So if you're looking for a way of restoring the (bank) balance this weekend, there's a raft of ways you can save money without even getting out of your armchair. Arm yourself with a computer and a phone, and get started on cutting down your monthly bills.

Mobile phone

Mobile phone bills are accounting for an increasing amount of people's expenditure every year. And while competition has been driving costs down over the past few years, it doesn't take much to accidentally step outside what's included in your bundle and to find yourself nursing a monthly bill of upwards of £100.

The first step towards saving money on your mobile phone bill is to make sure you're on a contract that suits your needs. If you're using more minutes or texts each month than your current contract offers for free, then you can probably save money by upgrading. Although this might mean you're paying a higher monthly charge, this is likely to work out much cheaper than paying the high call or text charges which you're hit with once you've used up your free allocation.

Anthony Ball of Onecompare.com, the phone comparison site, says it's also worth making a note of when your current contract comes to an end. "There's a huge amount of people out there who don't realise that they're not longer tied in," he says. "They should really start shopping around for a better deal."

Mr Ball adds that if you're out of contract, you should be able to negotiate a much better deal than you're on. Some providers will offer you free iPods, games consoles or cash to switch to them, so it's worth shopping around for the best deal, and then putting that to your existing provider, to see what they'll come up with.

Remember that if you are tied into a contract, this doesn't necessarily mean you can't change your tariff with your existing provider. If you're concerned your bills are too high, give them a call.

If you don't make many calls at all, and just keep a phone so that others can contact you, it may be worth opting for a pay-as-you-go phone, where you simply buy top-up cards to pay for outgoing calls.

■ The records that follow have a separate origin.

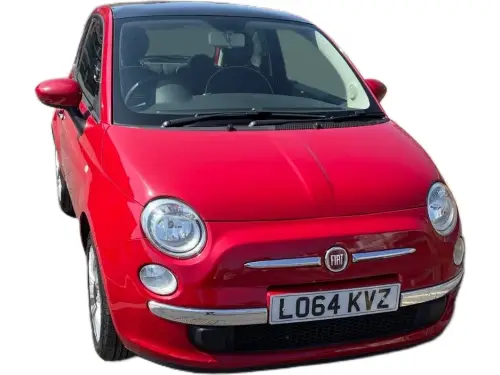 Fiat 500 LO64 KVZ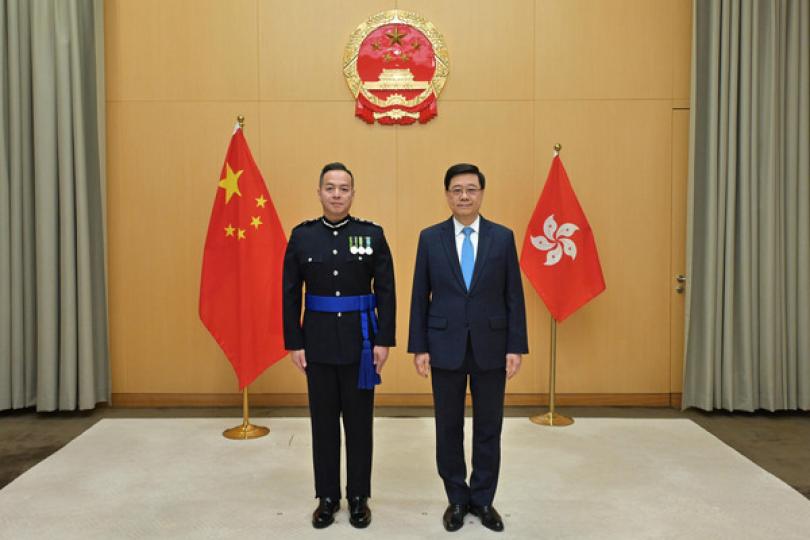 周一鳴任警務處處長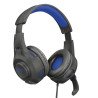 Casque Micro Gamer Trust GXT 307 Ravu PS4 (Bleu)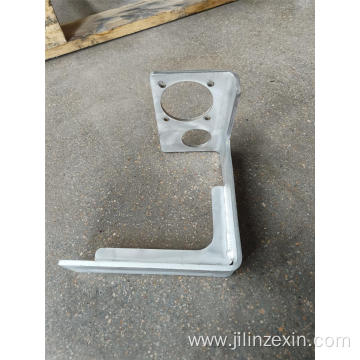 Stainless steel mount for rail car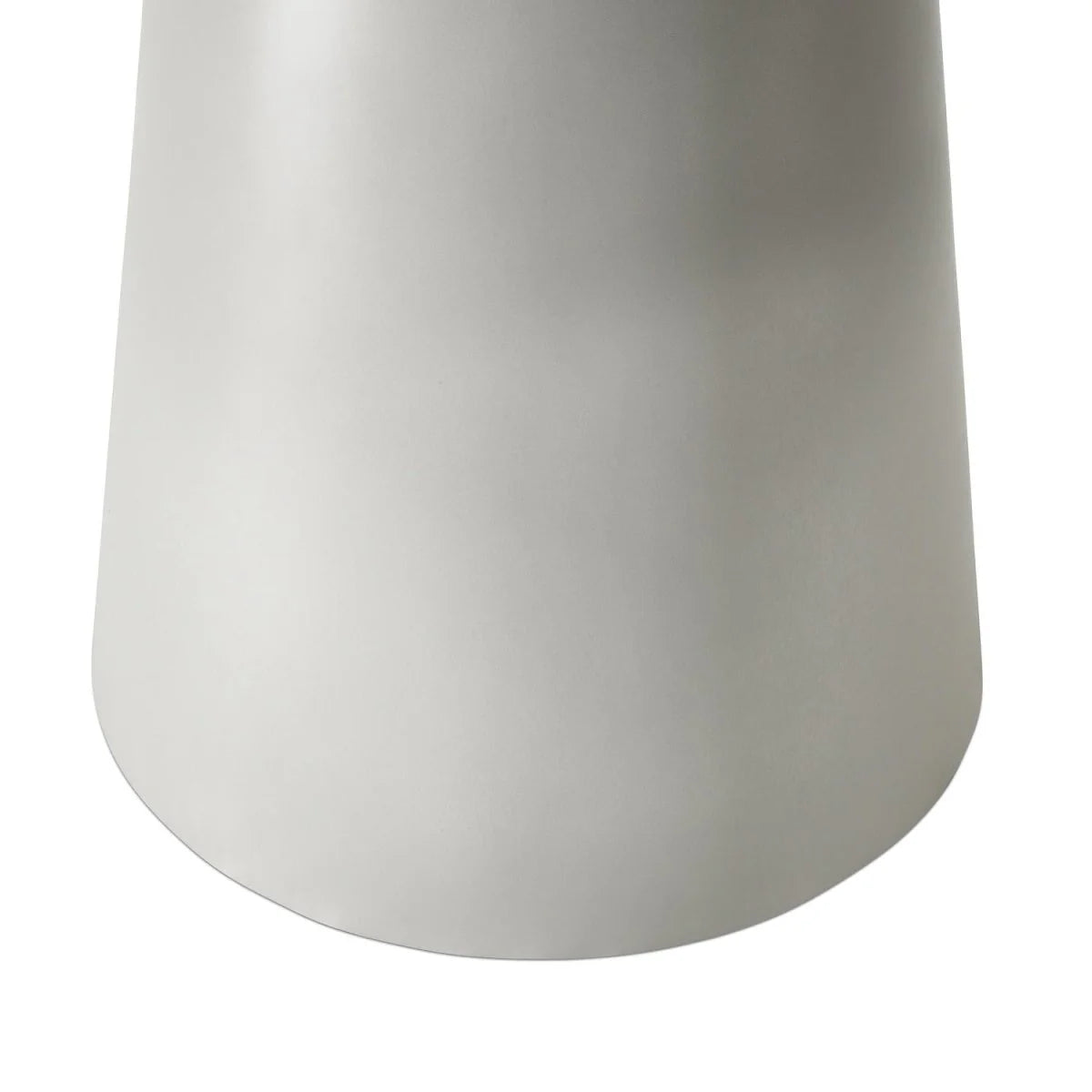 Furnhouse Tango Couchtisch Rund ø45 cm - Travertine-Optik Grau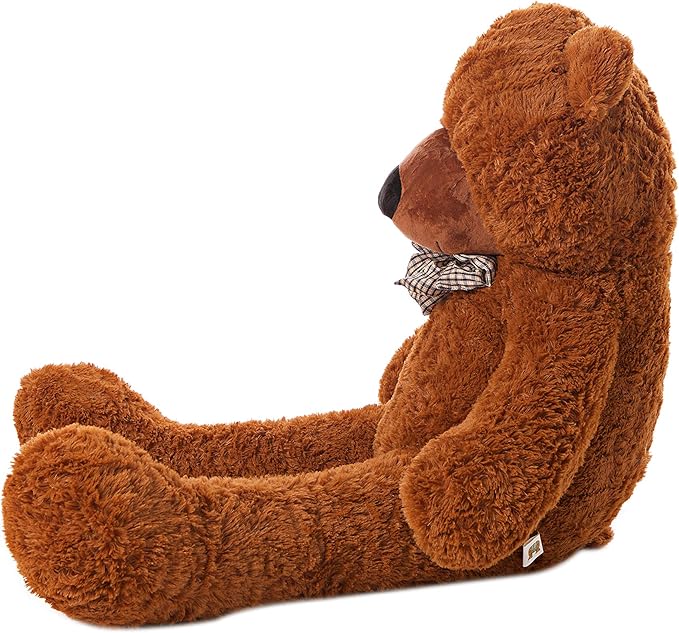 Maskotka Miś 120 cm Brązowy Przytulanka Zabawka DUŻY Pluszak XXXL - obrazek 4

One other tip for cutting your phone bill is to be careful how you use it if you travel overseas. Many mobile operators charge exorbitant prices for overseas calls, so check before you leave, and explore getting a new SIM, from companies such as www.0044.co.uk, to keep the cost of calling home to a minimum.

Car insurance

The golden rule when it come to saving money on your insurance, be it car, home or any other kind of cover, is to make sure you shop around when your existing policy comes to an end. Most insurers will rope you in with attractive prices in the first year, only to start ratcheting up your premiums thereafter.

If you're looking to reduce the cost of your car insurance, Ashton Berkhauer of Uswitch.com, the price comparison site, says that you should start at the top and consider whether you really need the car that you have, or whether you could get by with one with a smaller engine. "The bigger the engine, the more damage you can do," says Mr Berkhauer. "Hence the bigger your premiums will be. This is particularly true for younger drivers."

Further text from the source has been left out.